» **DATA SECTION**
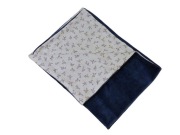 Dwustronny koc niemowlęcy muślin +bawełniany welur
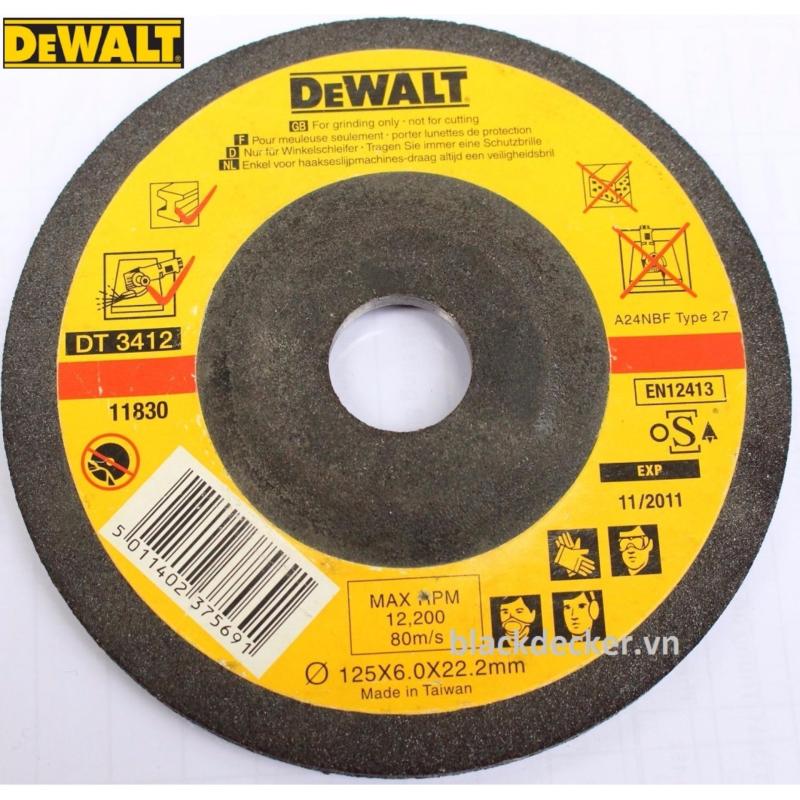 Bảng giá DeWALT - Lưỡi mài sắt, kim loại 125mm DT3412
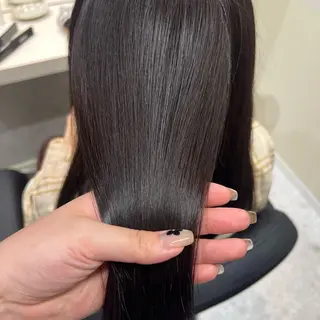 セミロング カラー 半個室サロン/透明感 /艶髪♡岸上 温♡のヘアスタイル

» **REQUIREMENT**
Wherever a picture appears in the data, please drop it and retype the rest exactly.

» **EXERCISE RESPONSE**
 Dwustronny koc niemowlęcy muślin +bawełniany welur
 Bảng giá DeWALT - Lưỡi mài sắt, kim loại 125mm DT3412
 セミロング カラー 半個室サロン/透明感 /艶髪♡岸上 温♡のヘアスタイル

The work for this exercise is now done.